(Short web captions)
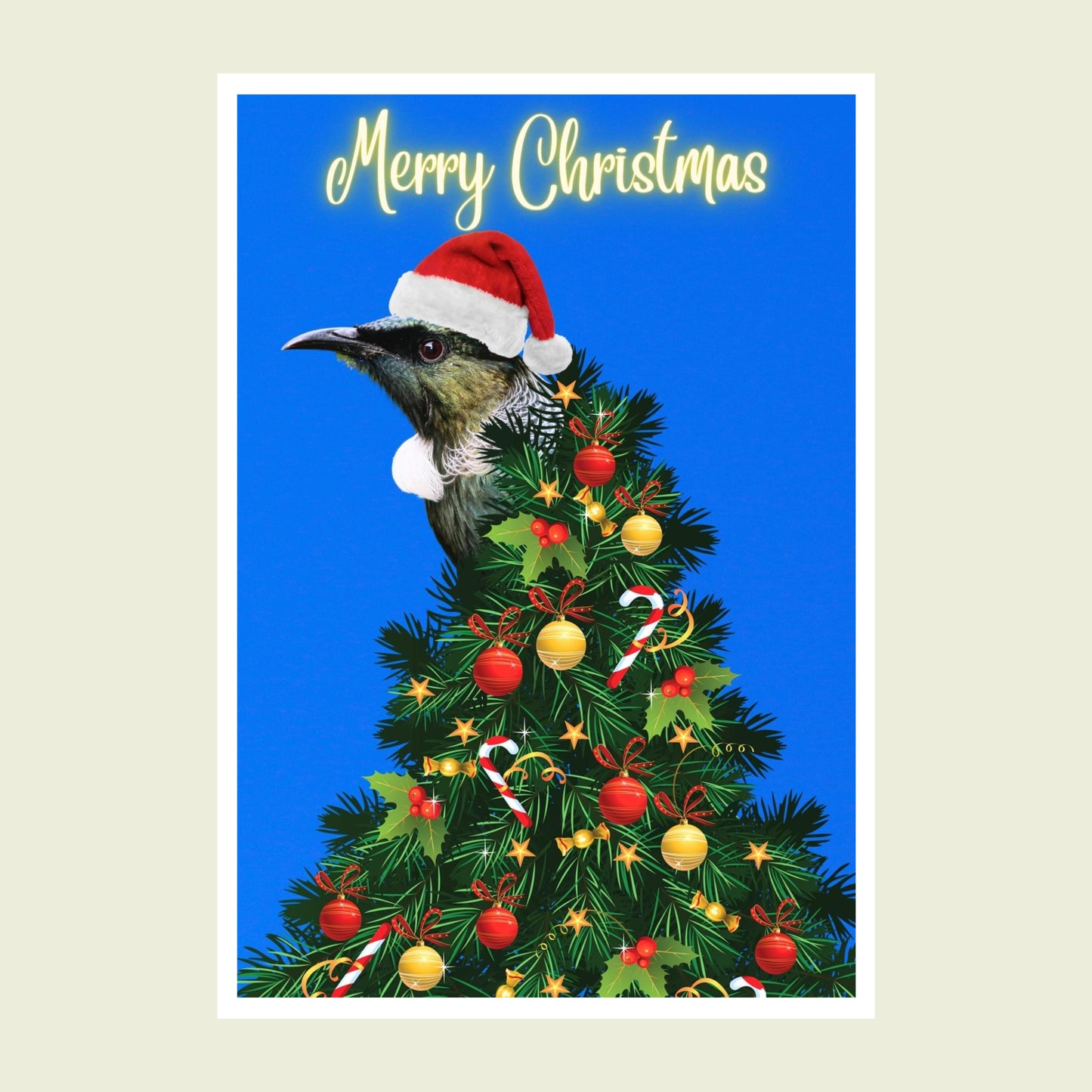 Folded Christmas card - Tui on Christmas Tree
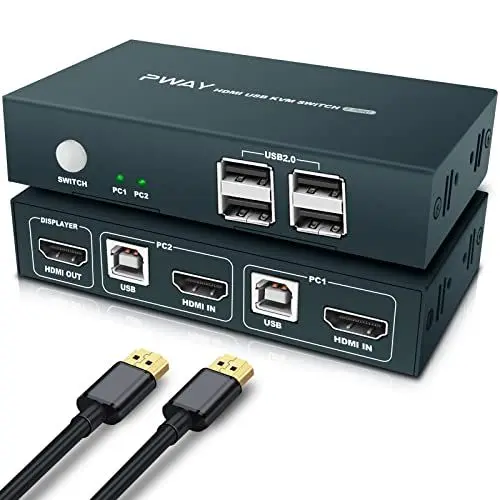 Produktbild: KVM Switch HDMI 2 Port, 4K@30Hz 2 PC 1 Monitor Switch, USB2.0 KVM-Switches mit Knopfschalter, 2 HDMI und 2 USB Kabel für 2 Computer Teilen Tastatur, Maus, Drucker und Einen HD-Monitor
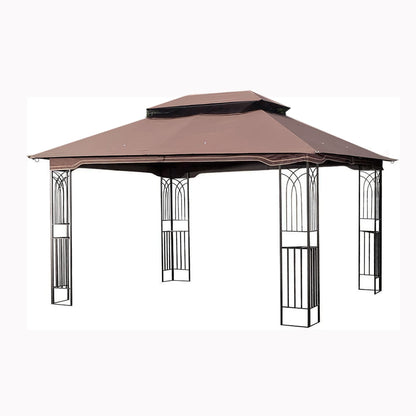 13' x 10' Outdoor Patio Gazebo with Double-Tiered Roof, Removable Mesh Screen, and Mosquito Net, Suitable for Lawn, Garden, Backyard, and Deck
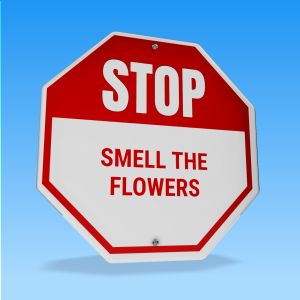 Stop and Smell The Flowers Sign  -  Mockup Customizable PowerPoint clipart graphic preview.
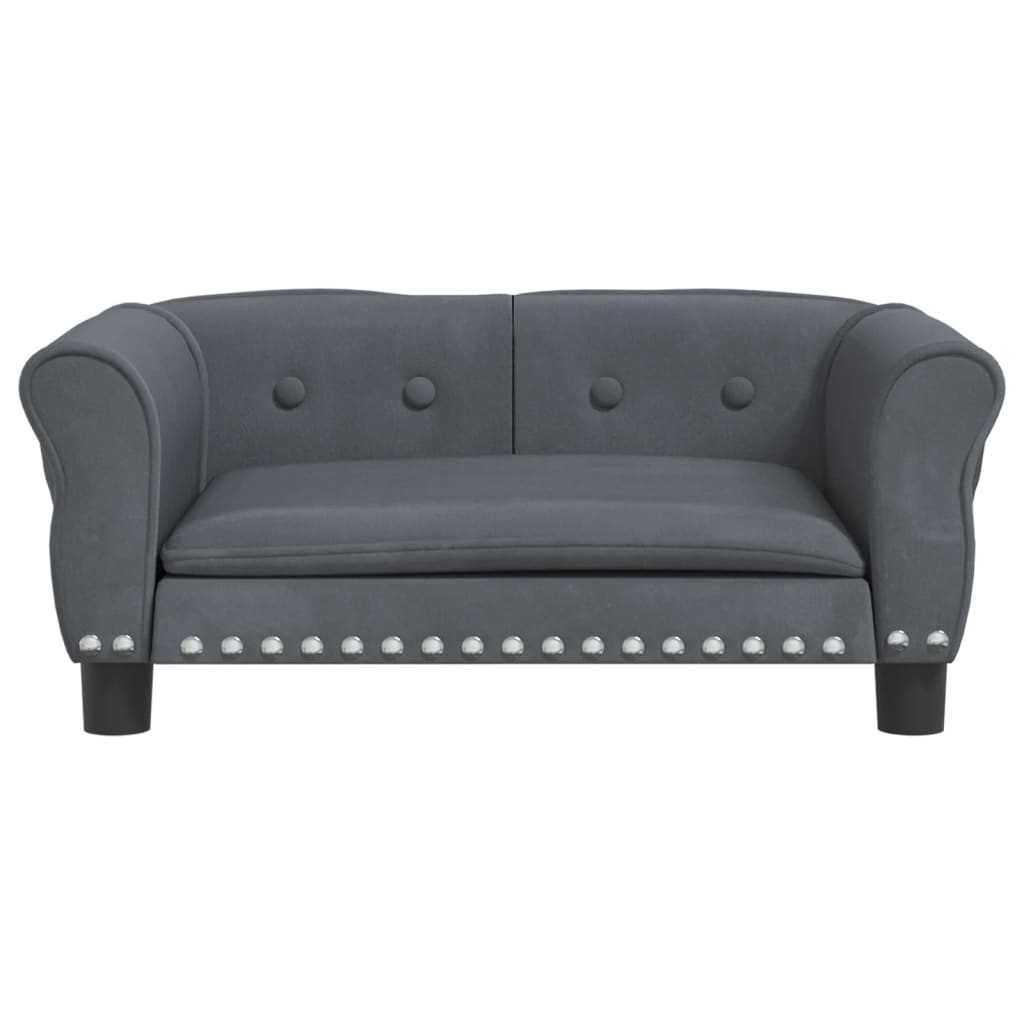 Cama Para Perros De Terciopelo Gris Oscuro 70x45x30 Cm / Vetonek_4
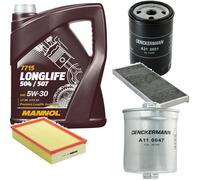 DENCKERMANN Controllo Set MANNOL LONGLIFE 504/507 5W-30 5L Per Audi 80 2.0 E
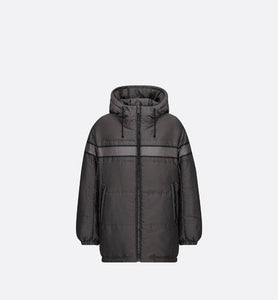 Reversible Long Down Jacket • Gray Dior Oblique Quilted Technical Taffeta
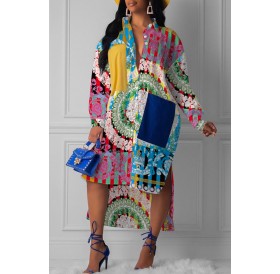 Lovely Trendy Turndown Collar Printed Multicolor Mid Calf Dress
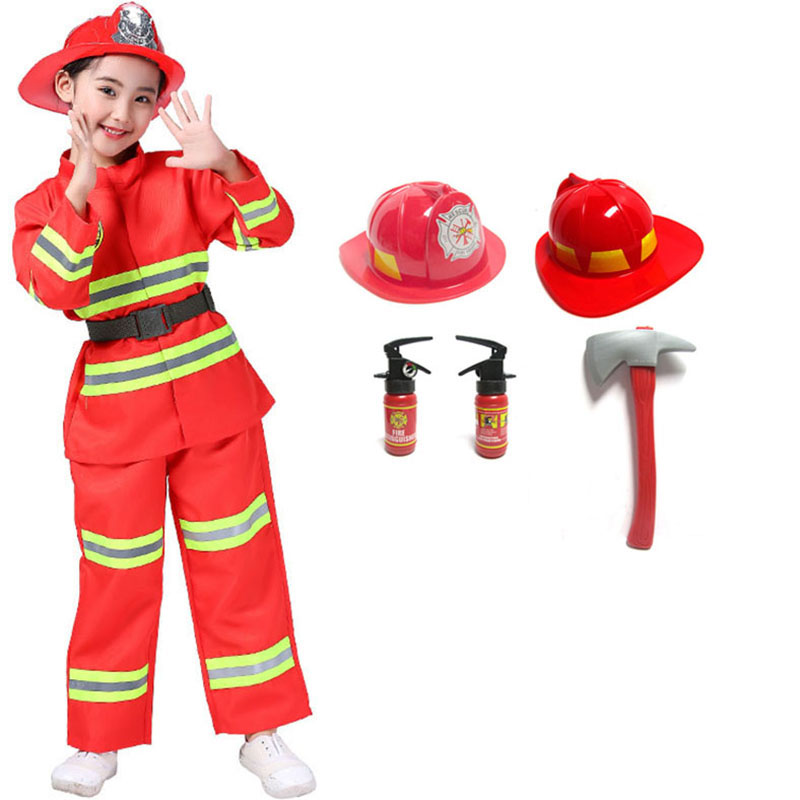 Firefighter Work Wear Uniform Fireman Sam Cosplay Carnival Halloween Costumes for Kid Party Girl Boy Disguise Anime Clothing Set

* [ACTIVITY] Beginning at the line with "Reversible Long Down", reproduce word for word each line through the last line of the records. Include both ends but no pictures.

* [REPLY]
 Reversible Long Down Jacket • Gray Dior Oblique Quilted Technical Taffeta
 Lovely Trendy Turndown Collar Printed Multicolor Mid Calf Dress
 Firefighter Work Wear Uniform Fireman Sam Cosplay Carnival Halloween Costumes for Kid Party Girl Boy Disguise Anime Clothing Set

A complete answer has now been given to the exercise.